Siemens urges users to update to V7.3 Update 1 or later as all versions up to V7.3 contain this vulnerability.
Siemens EnMPRO is a software used within plants to manage and visualize energy flow and consumption values, compare energy efficiency, and strategize an energy plan accordingly, Moshe detailed. “Behind the scenes, EnMPRO is a [dot]NET service (called BDataWIndowsService) composed of a [dot]NET executable, listening on port TCP/4444. This executable handles most of the EnMPRO server’s core functionality, allowing clients to connect to it remotely using a proprietary messaging protocol,” he added.
Using this protocol, clients can invoke different functionality in the server, including retrieving or altering data in the server, calling different functions, and creating graphical interfaces or periodic procedures.
“Throughout our research into EnMPro, we were able to identify several critical vulnerabilities in EnMPro’s web server and desktop application,” Moshe outlined. “These vulnerabilities, when exploited, could result in a malicious actor compromising and even gaining full control over the server running EnMPro. In this blog, we describe our research process and provide some technical details about the most severe vulnerability, CVE-2022-23450.”
Moshe added that the vulnerability is a classic deserialization bug found in EnMPro’s use of a [dot]NET BinaryFormatter class. BinaryFormatter, according to Microsoft, should not be used to deserialize objects, especially those coming from user input. Its usage puts instances of SIMATIC Energy Manager at risk of remote attackers executing code of their choice, giving them full control over these servers.
To allow remote users to interact with the main EnMPRO server, Siemens created a very simple network protocol over TCP/4444, allowing the desktop application (Client UI DocLiber[dot]exe) to interact with the main server’s application (BDataWindowsService[dot]exe).

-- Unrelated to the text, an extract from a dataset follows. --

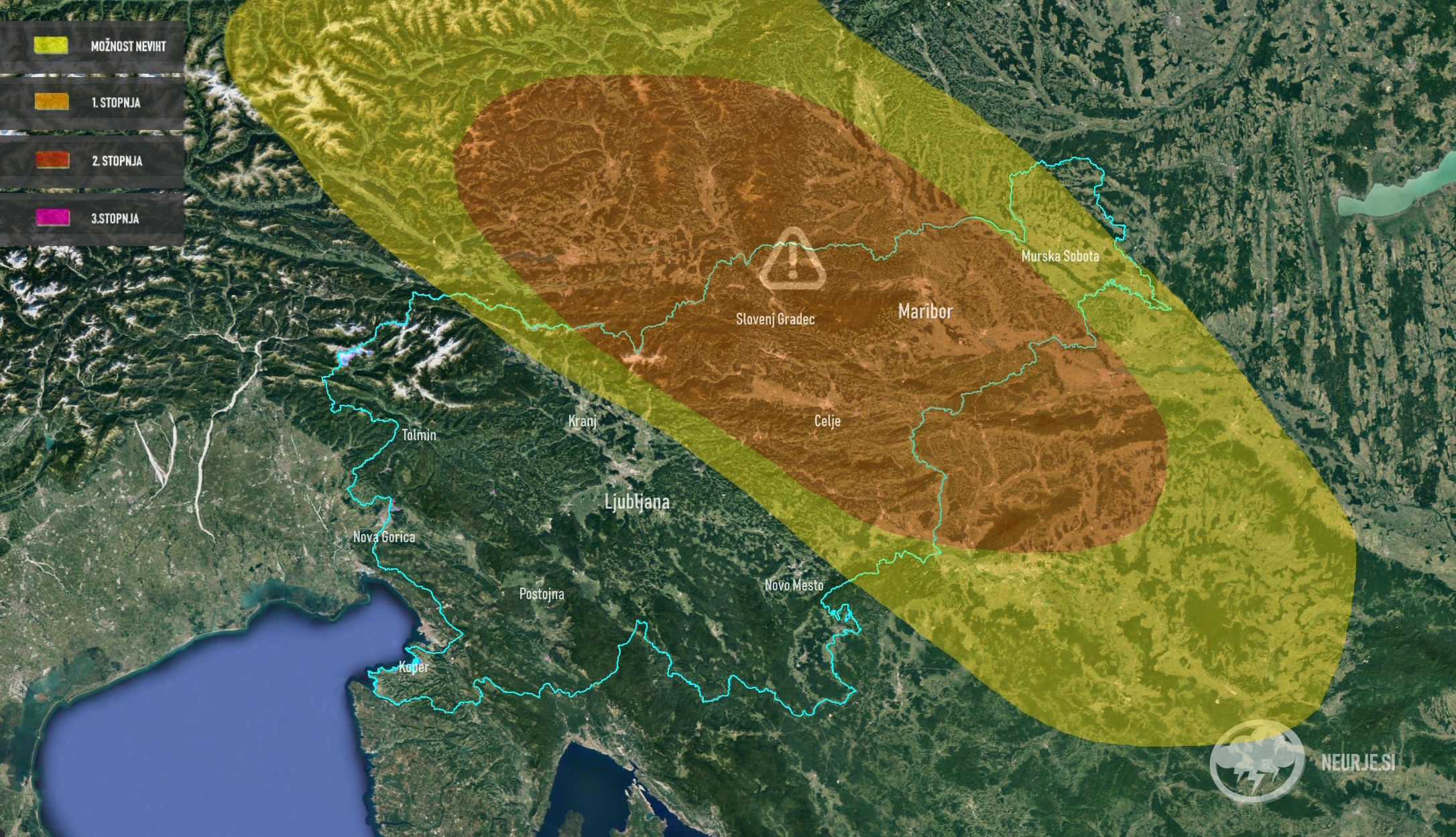 Arso za naše kraje izdal oranžno opozorilo: Napovedujejo močnejša neurja z debelo točo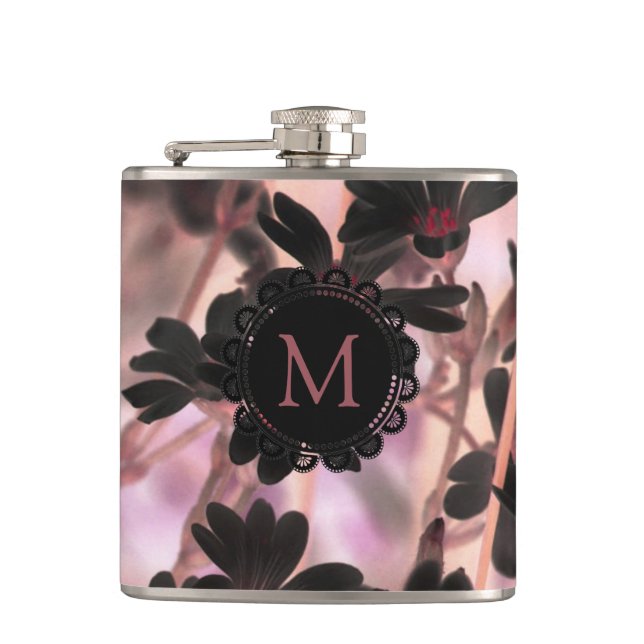 Elegant Monogram Lila Blommor Fickplunta (Framsidan)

“We reverse engineered the server’s binaries, as well as looked at a dump of the network communication statically, trying to understand and eventually reconstruct the protocol’s messages and capabilities,” according to Moshe. “We looked at different functionalities the user can invoke through the client, and watched how the packets would change, trying to better understand different fields of the message.”
Team82 discovered that after a short protocol-specific handshake and session creation, most EnMPro messages implement a structure, which the research team details in different colors. Packet Size consists of the first four bytes of each packet which are the packet’s size (excluding the packet size header), sent in a Little-endian byte order.
After the packet size, the next four bytes are a bitmap specifying different flags for this packet. Flags include indicators of whether the packet is compressed (using GZIP) if the packet is chunked, etc. The next byte in the packet represents the type of the packet. This byte is an enum, and it decides what is the message type, and what fields/members should be sent inside the message.
After the packet type is read, the server/client will try to construct the message using the correct message type deserializer. Message Contents contains the actual message data, which will be read and parsed using the correct message parser. The message contains the different fields/members used by this specific message type.
Siemens has fixed a critical remote code execution vulnerability in its EnMPro product, used in plants to monitor energy consumption within processes.
“Our proof-of-concept exploit initiates a session with the server before sending a malicious serialized class that is then deserialized by the server, resulting in arbitrary remote code execution,” Moshe said. “The attack is carried out pre-authentication, meaning an attacker would not need to have a previous foothold on the server.”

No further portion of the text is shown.